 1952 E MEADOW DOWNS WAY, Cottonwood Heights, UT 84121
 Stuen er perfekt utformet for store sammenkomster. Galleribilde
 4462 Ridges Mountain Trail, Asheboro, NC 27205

# # #

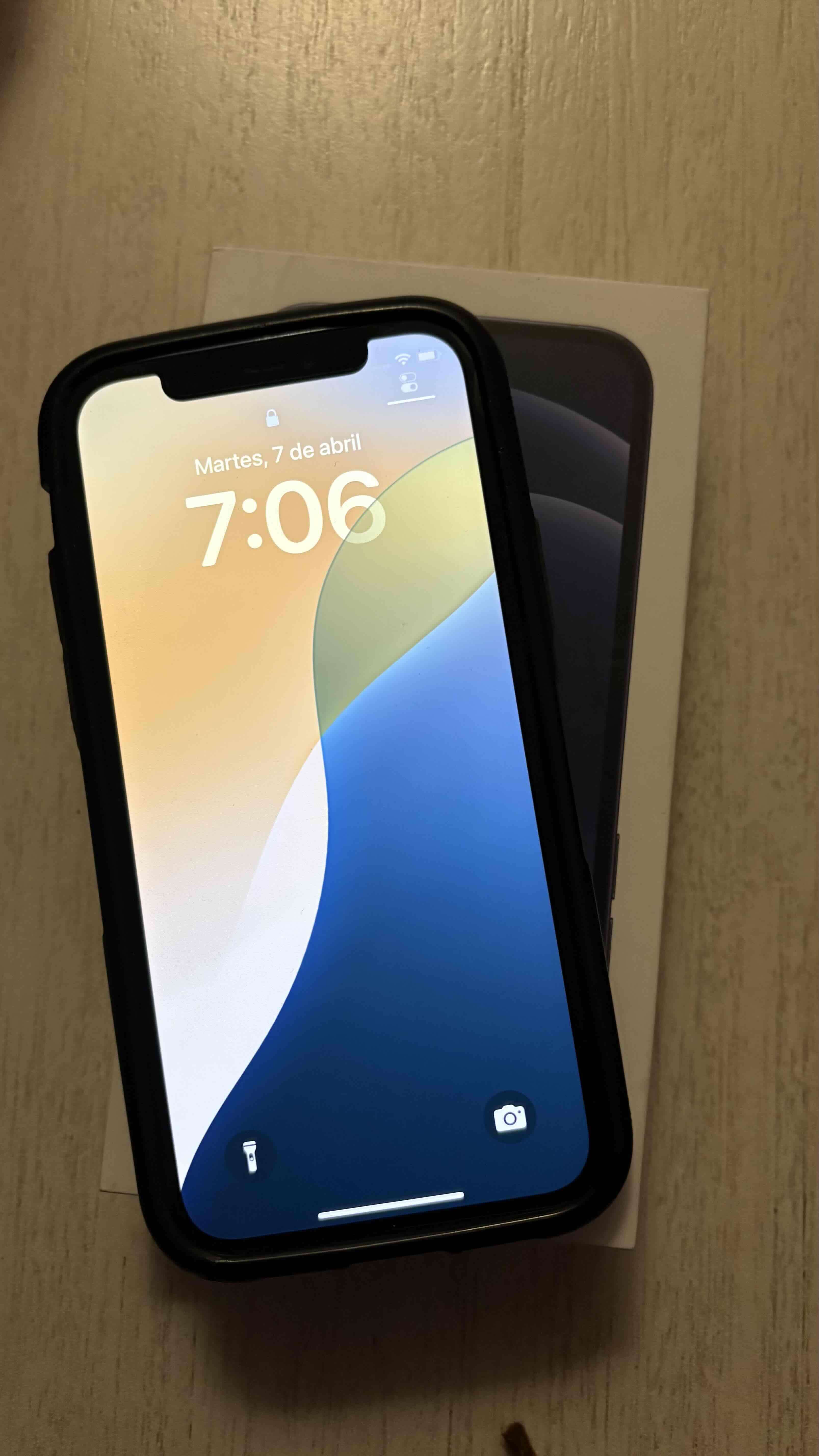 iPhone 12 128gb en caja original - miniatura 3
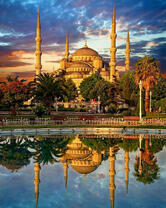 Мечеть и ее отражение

# # #

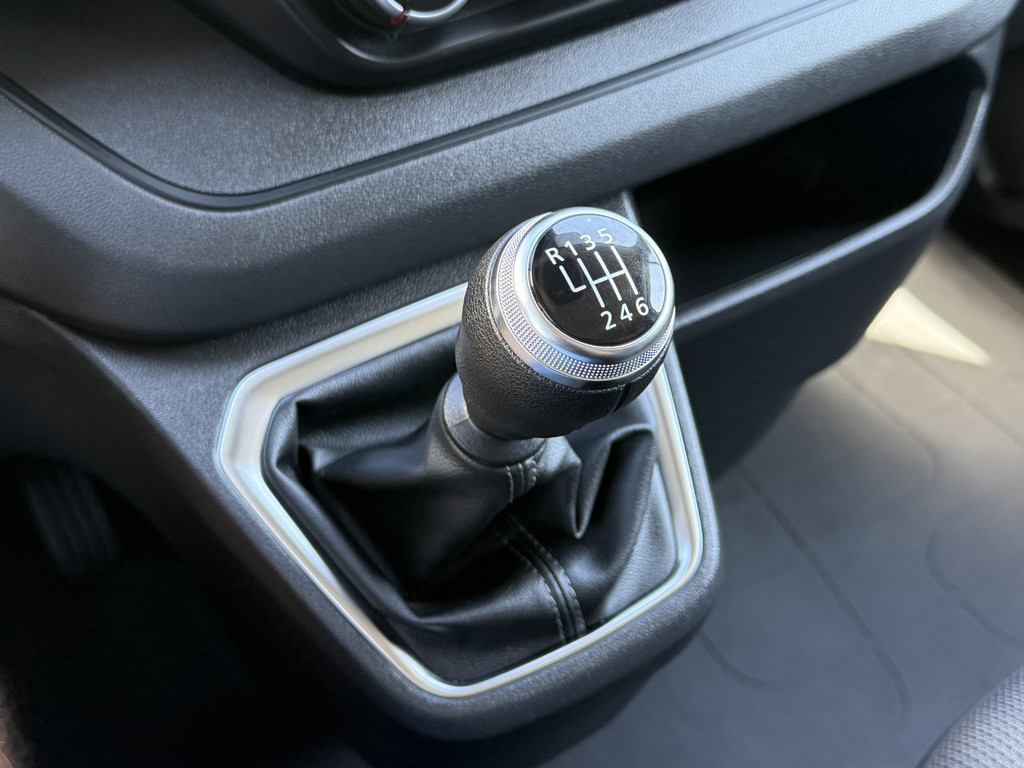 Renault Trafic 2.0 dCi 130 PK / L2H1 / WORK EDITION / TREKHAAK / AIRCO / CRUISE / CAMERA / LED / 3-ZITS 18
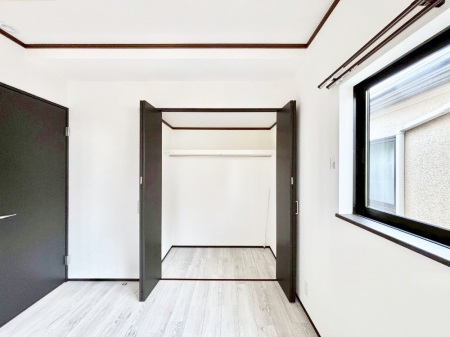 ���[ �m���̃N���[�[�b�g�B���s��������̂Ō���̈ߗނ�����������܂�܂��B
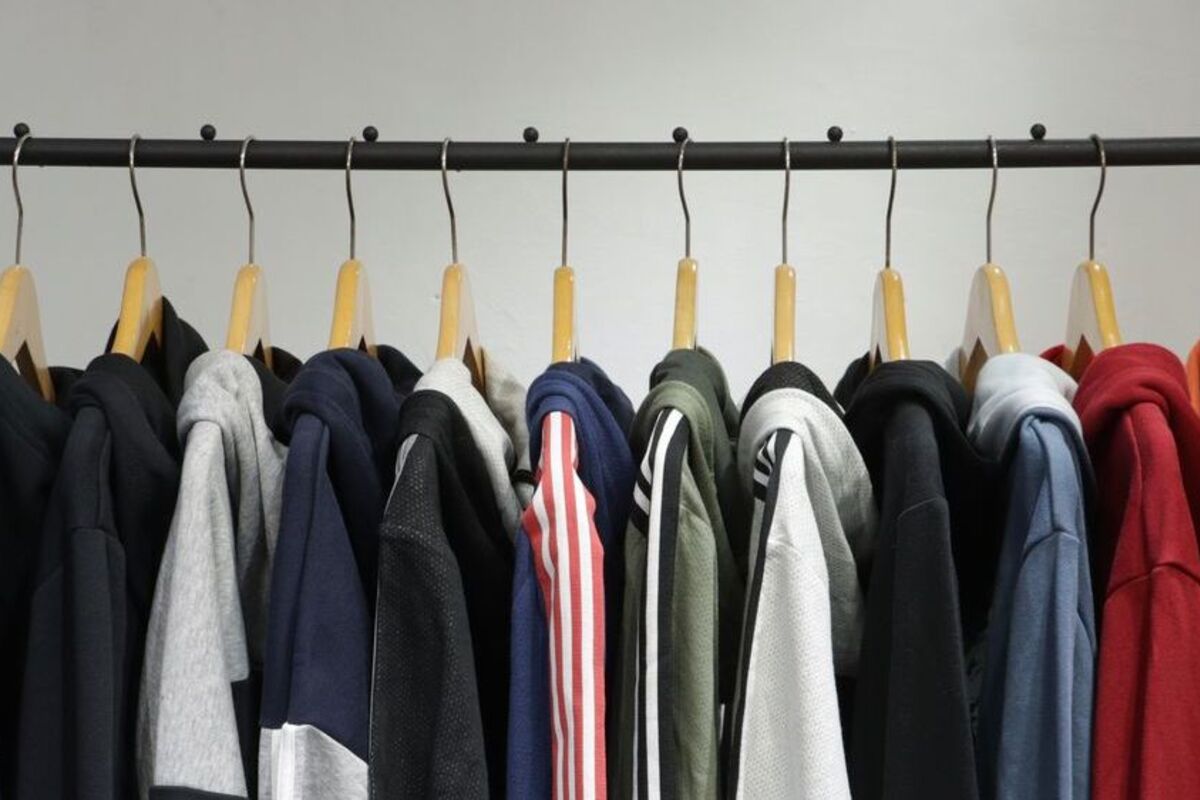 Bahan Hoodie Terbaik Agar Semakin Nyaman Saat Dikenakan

# # #

(Exercise requirements): When you reach the line with "1952 E MEADOW" in the records above, start writing out lines exactly, and stop once the line with "4462 Ridges Mountain" has been written; include nothing else.

(Worked solution):
 1952 E MEADOW DOWNS WAY, Cottonwood Heights, UT 84121
 Stuen er perfekt utformet for store sammenkomster. Galleribilde
 4462 Ridges Mountain Trail, Asheboro, NC 27205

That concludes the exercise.